▶ _Excerpted data_:
Start of Block

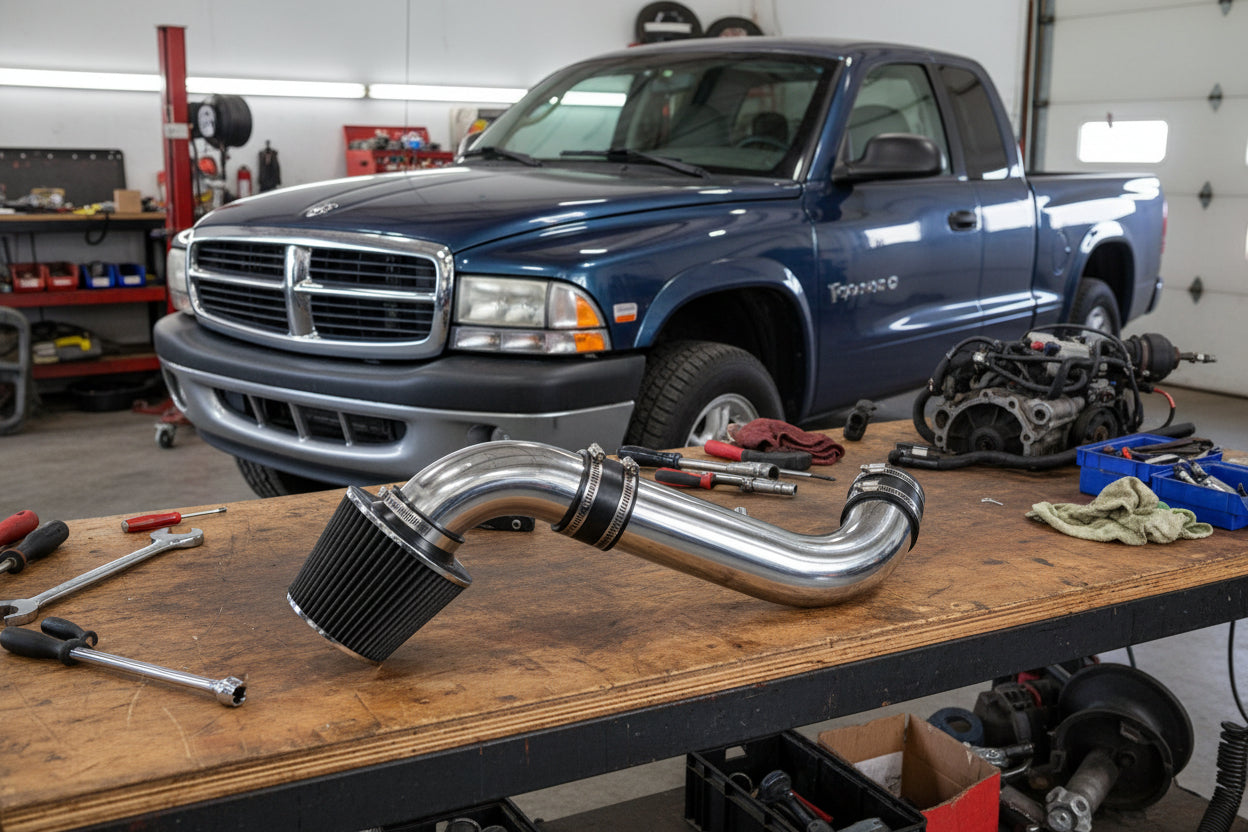 Cold Air Intake for Dodge Durango/Dakota (2000-2002) 4.7L Engine - Black Default Title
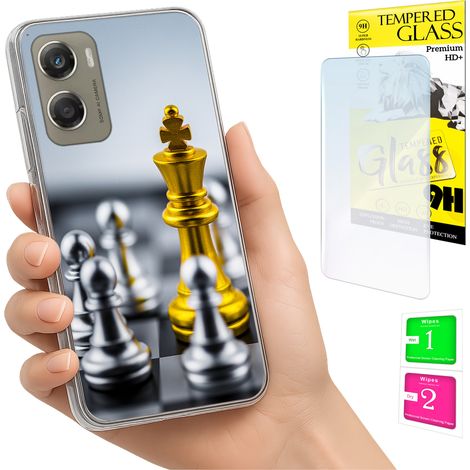 Funda para Motorola Moto G06 / G06 Power, carcasa trasera + cristal (1/5)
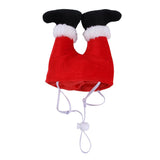 Pet Christmas Santa Pants Funny Headwear Cats Dogs Dress Up Costume Cosplay Accessories - INSWEAR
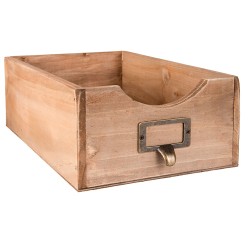 Clayre & Eef Tijdschriftenhouder  18x29x10 cm Bruin Hout Rechthoek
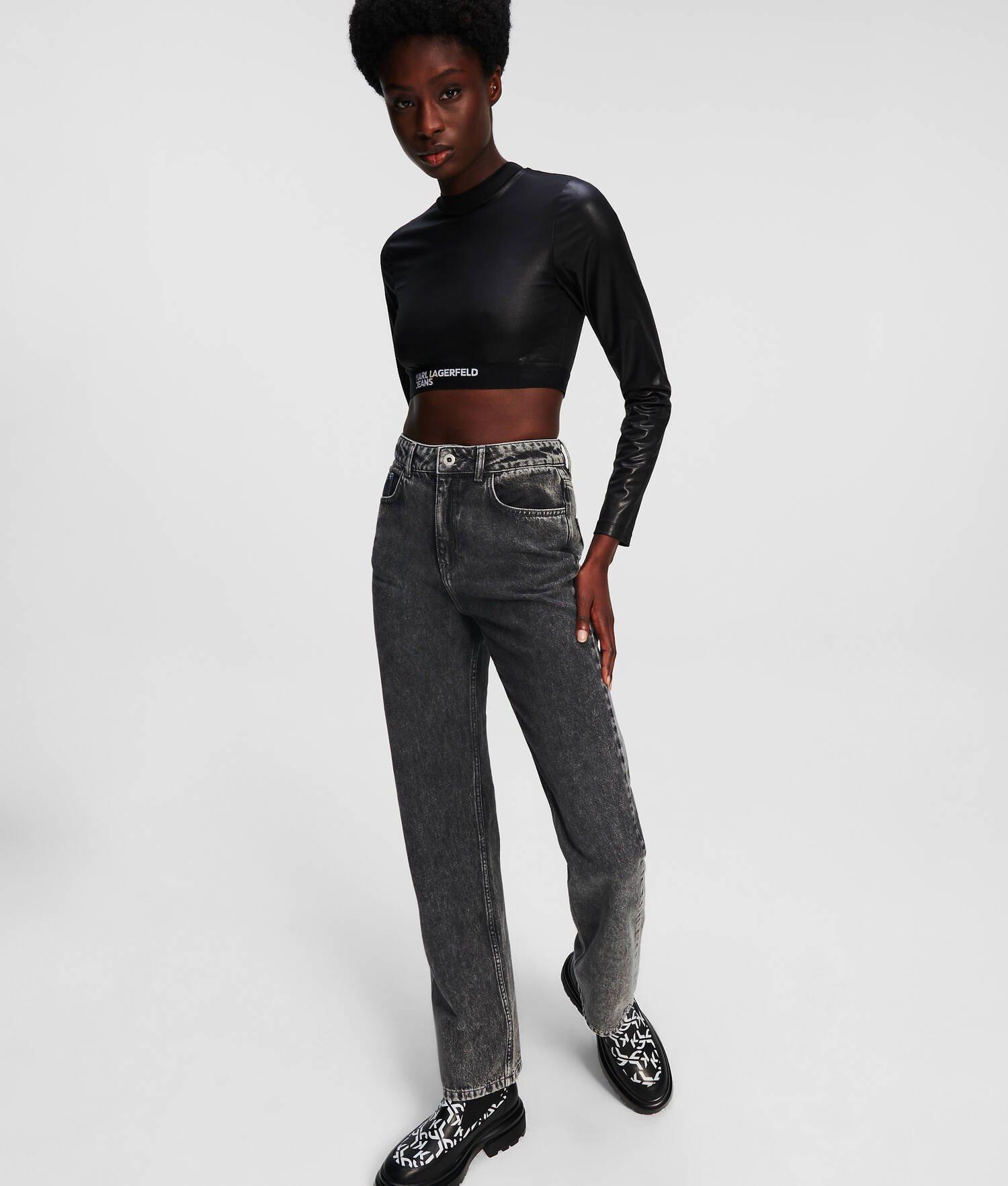 KLJ HIGH-RISE STRAIGHT JEANS Product Image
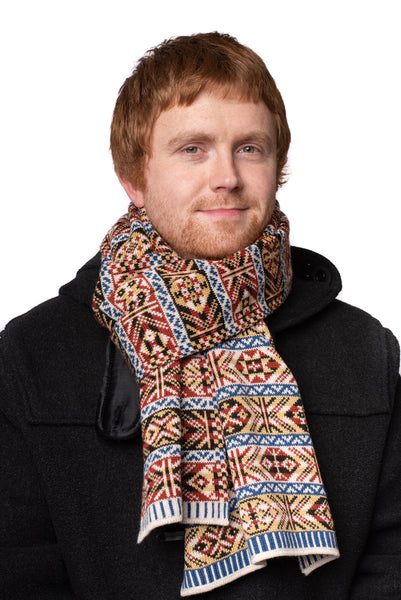 Design 1 - Thick Heritage Scarf in landmark design - BAKKA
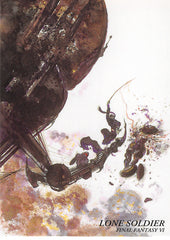 Final Fantasy Art Museum Trading Card - #326 Normal Art Museum Lone Soldier (Final Fantasy VI) (Shadow) - Cherden's Doujinshi Shop - 1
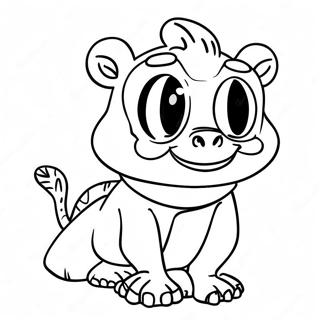 Pagini De Colorat Stupide Cu Thunk Crood 100600-39158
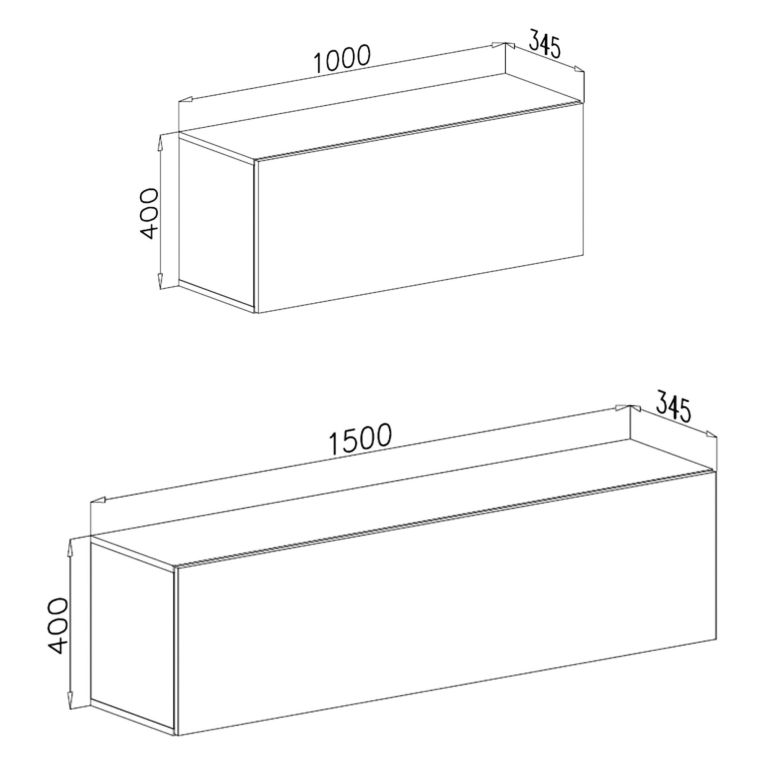 Parete Attrezzata Marrone Noce Modulabile 4 Ripiani, 4 Ante - Suisio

End of Block

▶ _The task_: Working from the data above, repeat exactly, and only, the lines that begin at the line containing "Clayre & Eef" and stop after the line containing "Design 1 - Thick"; pictures are not copied.

▶ _Reply to the task_:
 Clayre & Eef Tijdschriftenhouder  18x29x10 cm Bruin Hout Rechthoek
 KLJ HIGH-RISE STRAIGHT JEANS Product Image
 Design 1 - Thick Heritage Scarf in landmark design - BAKKA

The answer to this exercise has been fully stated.